(Extracted entries)
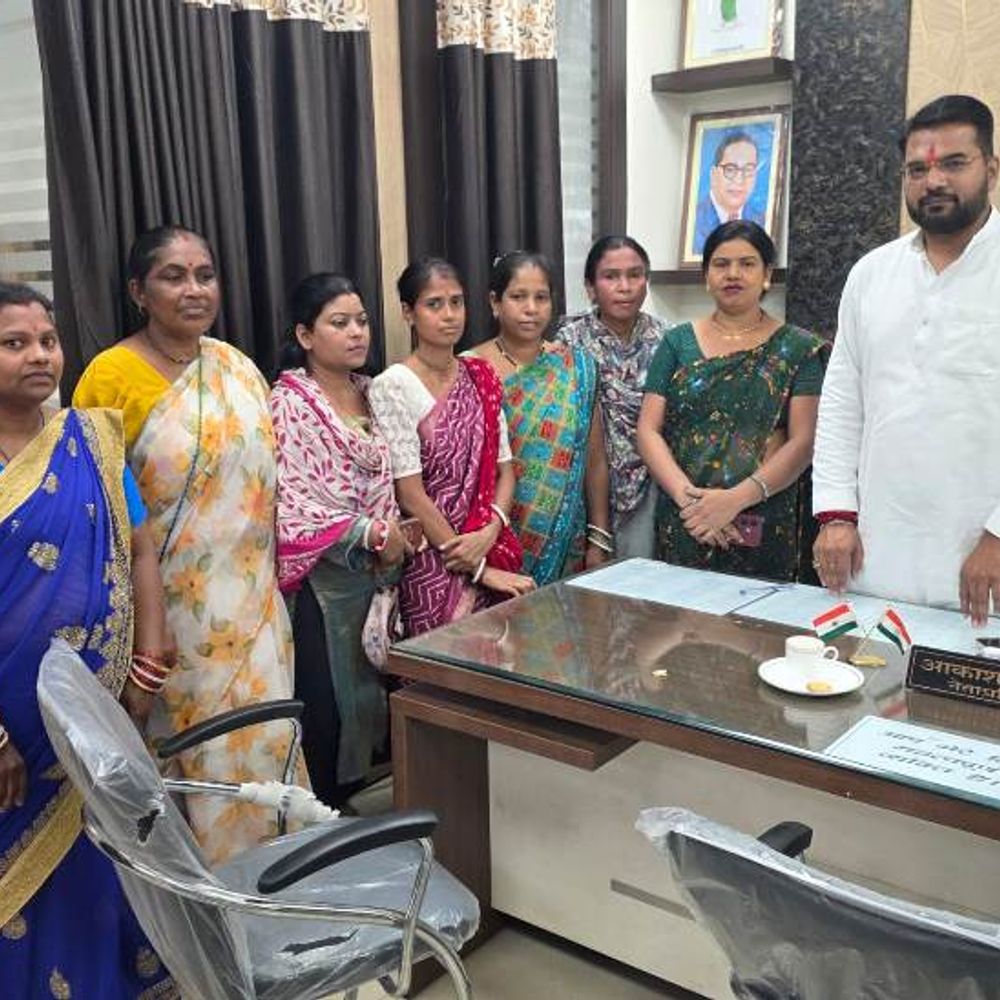 150 स्वच्छता दीदियों को 4 महीने से सैलरी नहीं मिली:रायपुर में काम जारी, भुगतान रुका; निगम का चक्कर काट रही, अब नेता-प्रतिपक्ष से मुलाकात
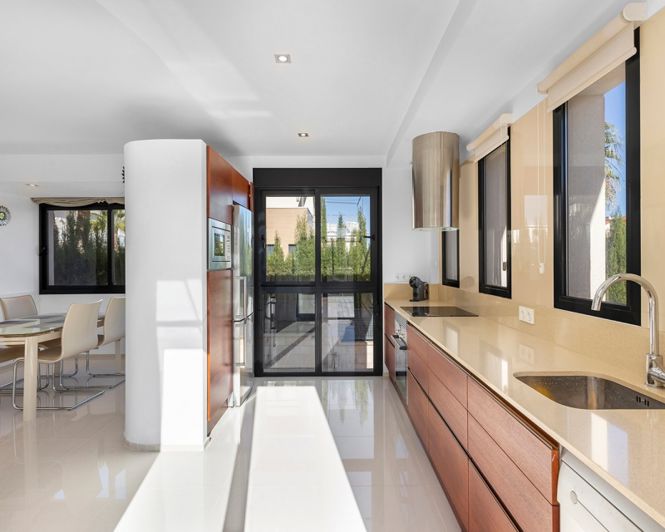 Image No.14-5 Bed Villa for sale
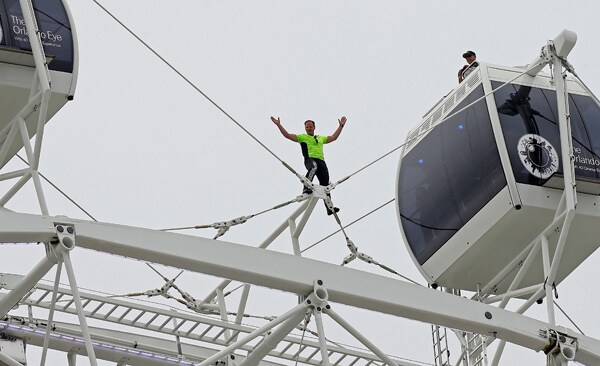 Nik Wallenda's Ferris Wheel Stunt: Daredevil Walks Revolving Orlando Eye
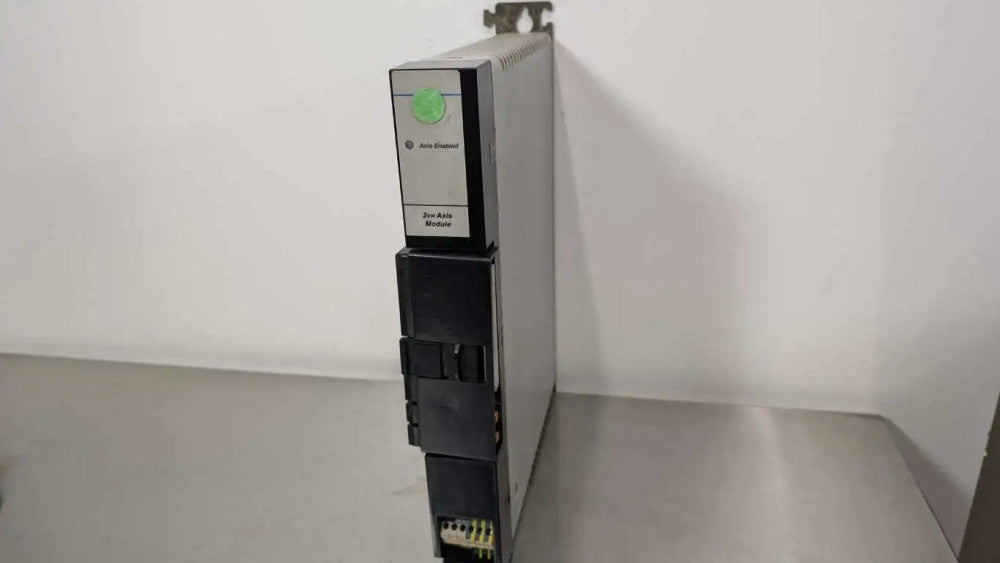Allen-Bradley 1394-AM03 AC Servo Controller Axis Module Ser B 2kW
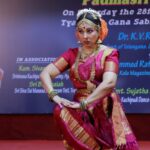 Archana Shastry Instagram - All the students of kuchipudi art academy came together Offering their tribute to SHOBHANAIDU garu 🙏🏻 Proud of u mommie !!!!❤️🧿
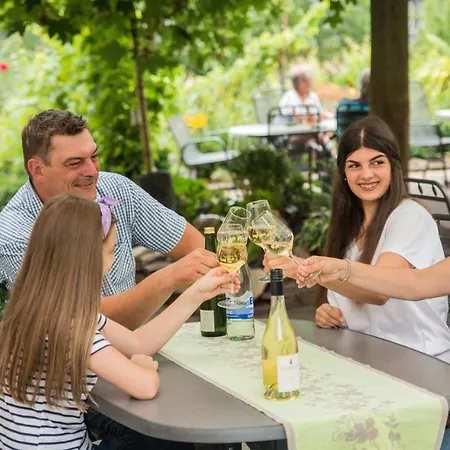 Weingut Erich Serwazi * Mesenich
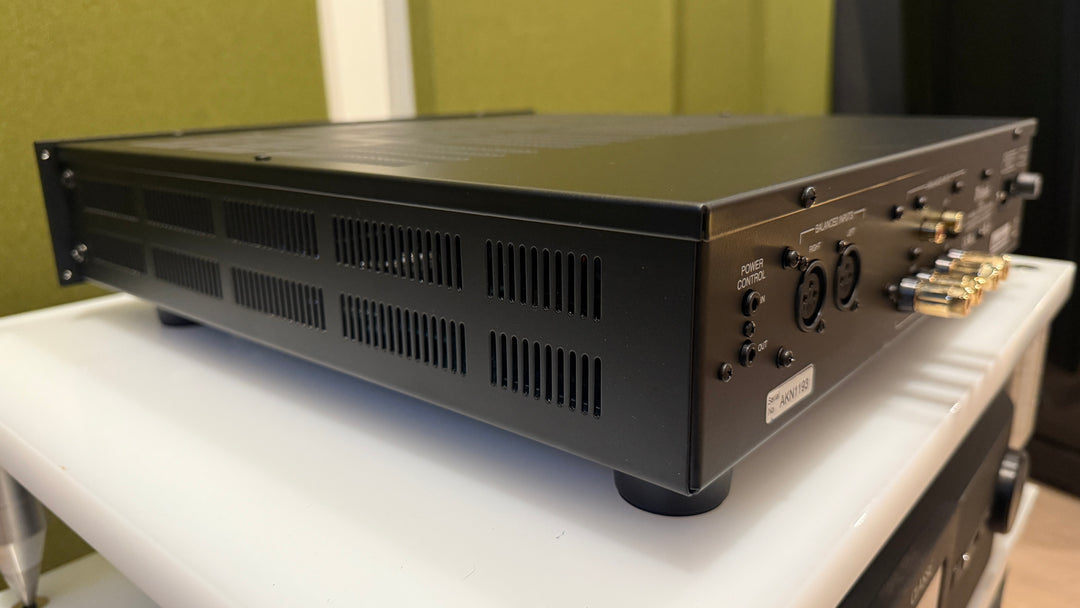 McIntosh MI502 Two Channel Power Amplifier EXCELLENT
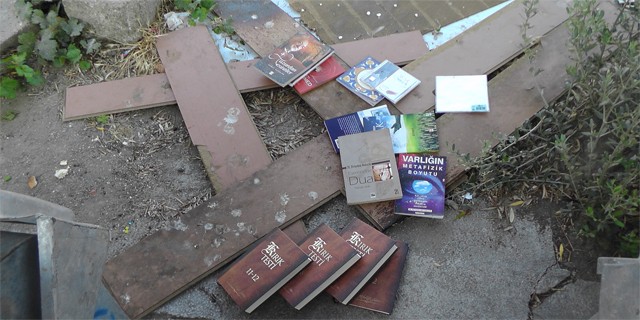 Kitapları çöpten çıktı !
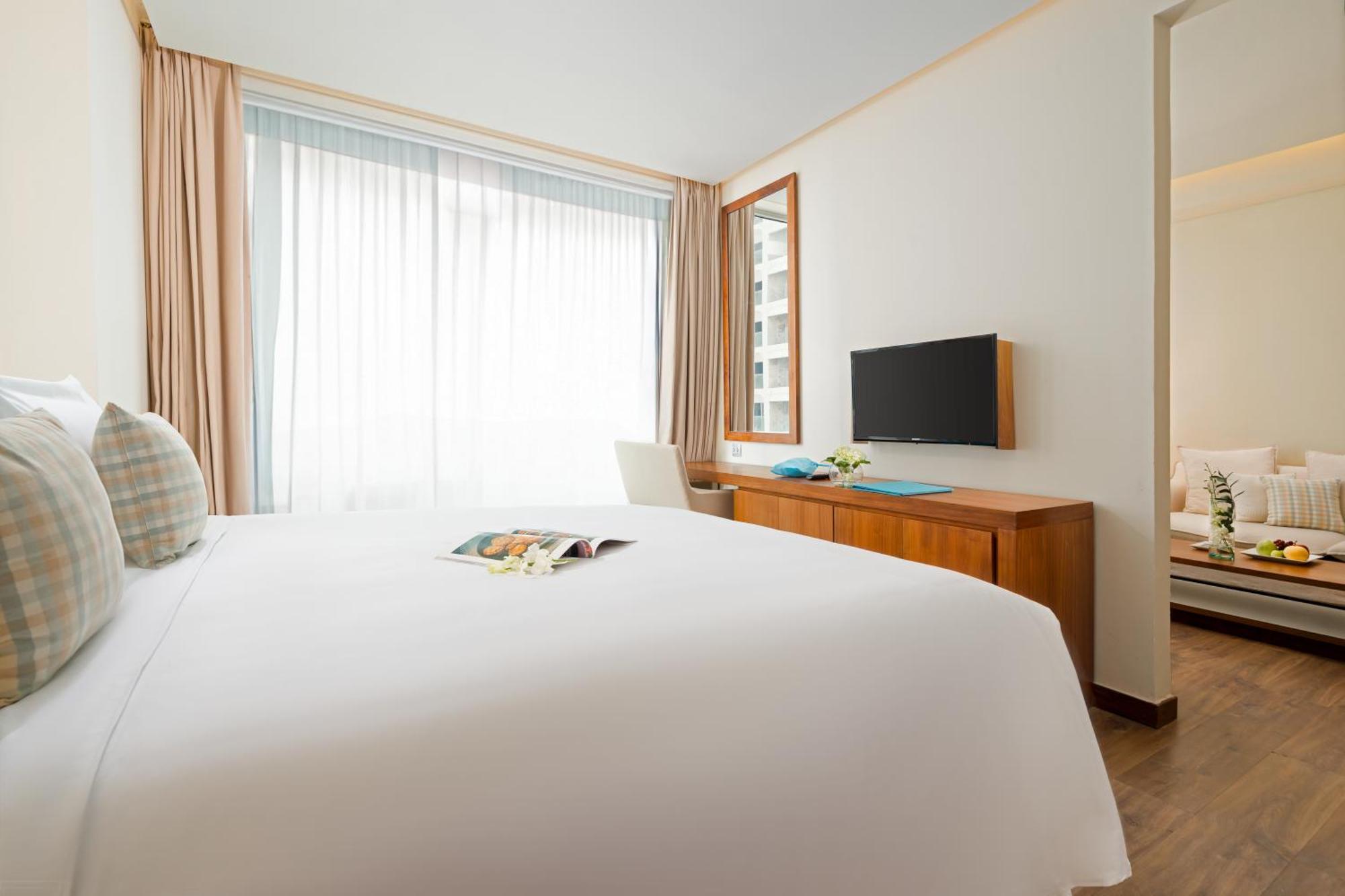 A La Carte Hotel 4*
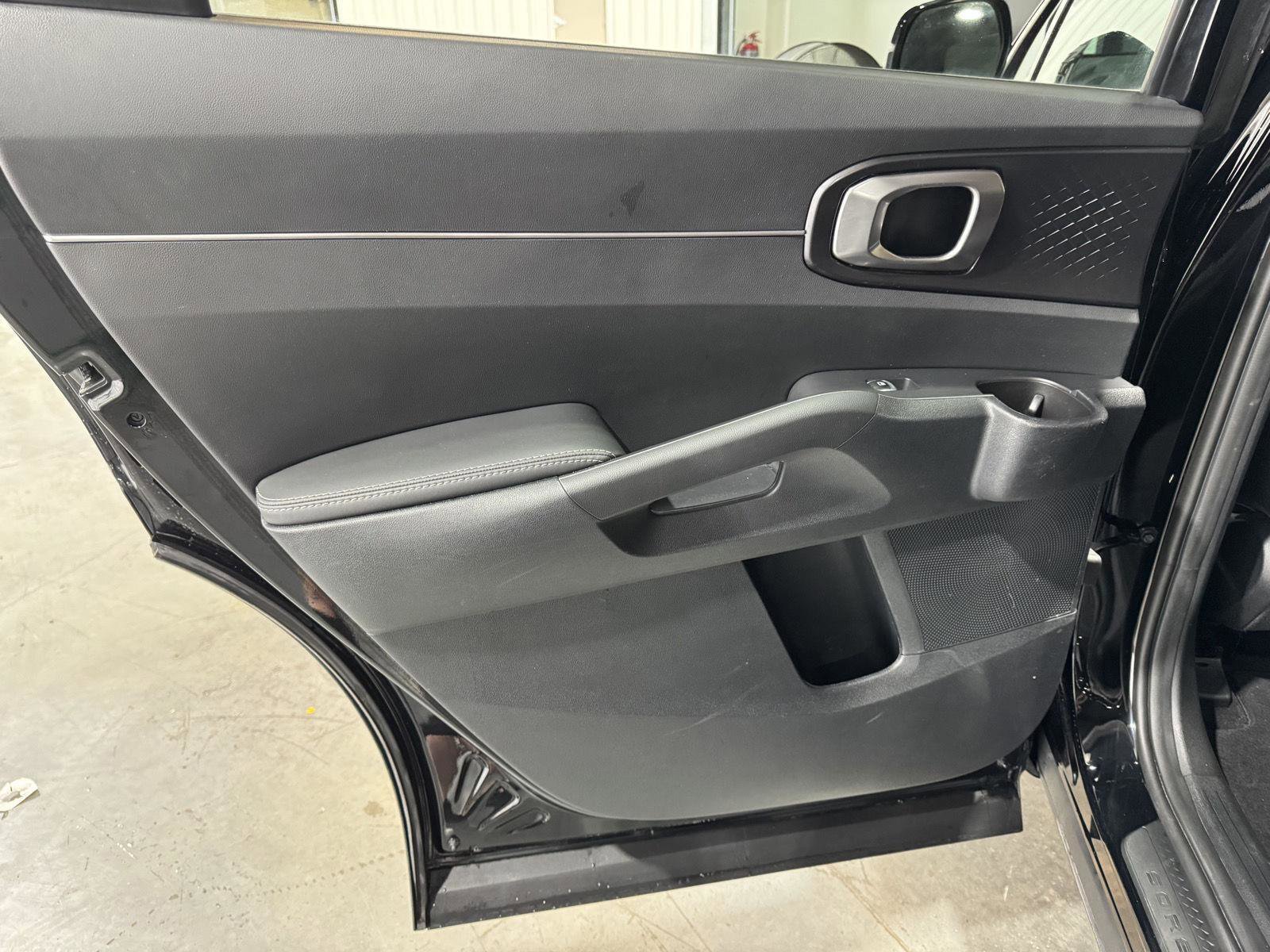 Used 2025 Kia Sorento S AWD/4WD image 24
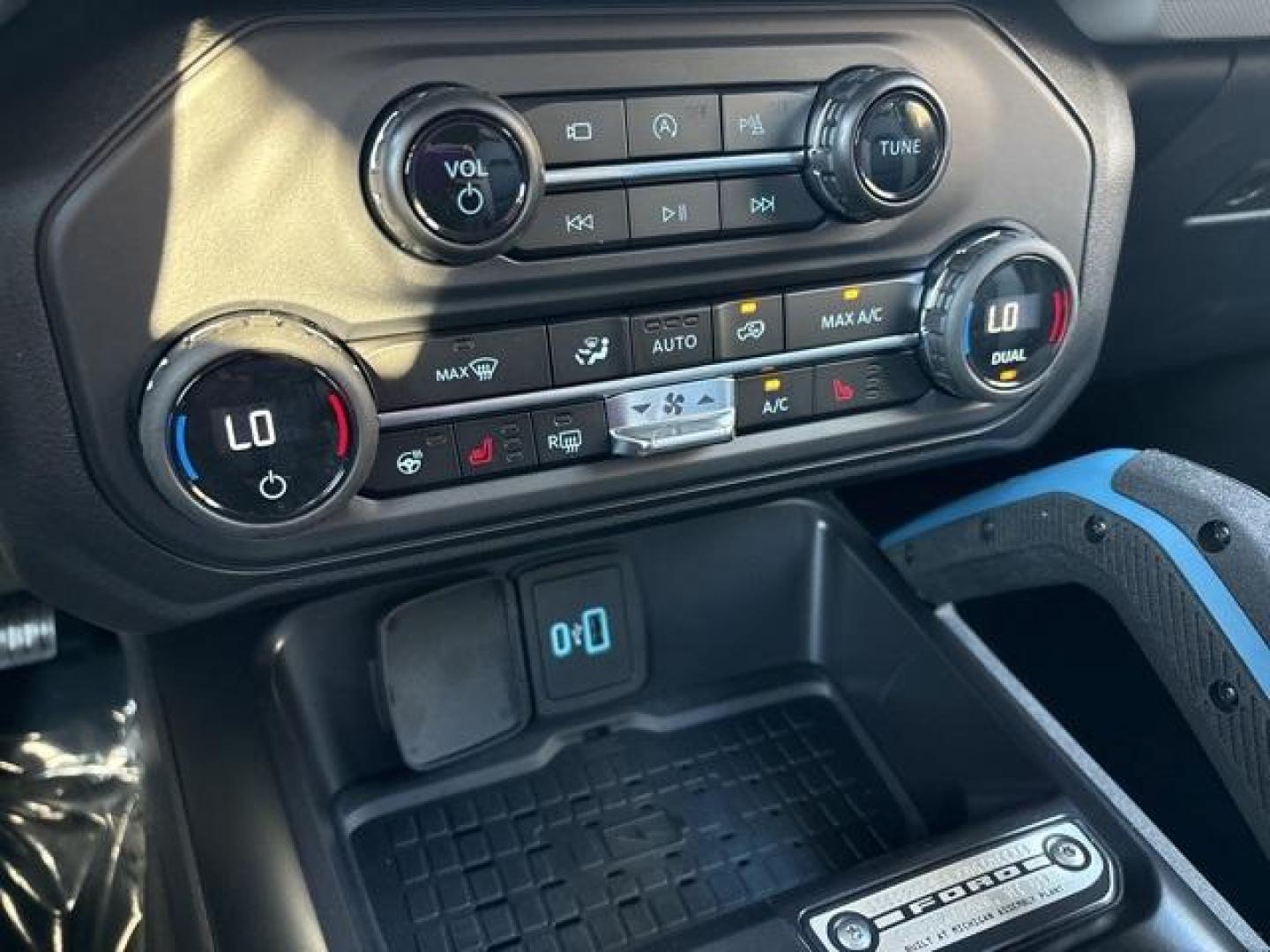 2024 Oxford White /Black Ford Bronco Wildtrak (1FMEE2BP9RL) with an 2.7L EcoBoost V6 engine, Automatic transmission, located at 1105 E Mulberry, Kaufman, TX, 75142, (972) 962-2151, 32.589550, -96.300926 - Oxford White 2024 Ford Bronco 4D Sport Utility Wildtrak 4WD 10-Speed Automatic 2.7L EcoBoost V6<br><br><br>Please call Paul Murrey Ford Inc. In Kaufman Texas A Family Dealership Since 1952 Serving the Dallas Fort Worth and East Texas areas for over 70 years. Please call 972-962-2151 www.murreyford.c - Photo#25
(End Extracted entries)
### Exercise:
Leaving the pictures aside, copy exactly and only the lines from the one holding "McIntosh MI502 Two" through the final line of the data, both ends kept.

### Output below:
 McIntosh MI502 Two Channel Power Amplifier EXCELLENT
 Kitapları çöpten çıktı !
 A La Carte Hotel 4*
 Used 2025 Kia Sorento S AWD/4WD image 24
 2024 Oxford White /Black Ford Bronco Wildtrak (1FMEE2BP9RL) with an 2.7L EcoBoost V6 engine, Automatic transmission, located at 1105 E Mulberry, Kaufman, TX, 75142, (972) 962-2151, 32.589550, -96.300926 - Oxford White 2024 Ford Bronco 4D Sport Utility Wildtrak 4WD 10-Speed Automatic 2.7L EcoBoost V6<br><br><br>Please call Paul Murrey Ford Inc. In Kaufman Texas A Family Dealership Since 1952 Serving the Dallas Fort Worth and East Texas areas for over 70 years. Please call 972-962-2151 www.murreyford.c - Photo#25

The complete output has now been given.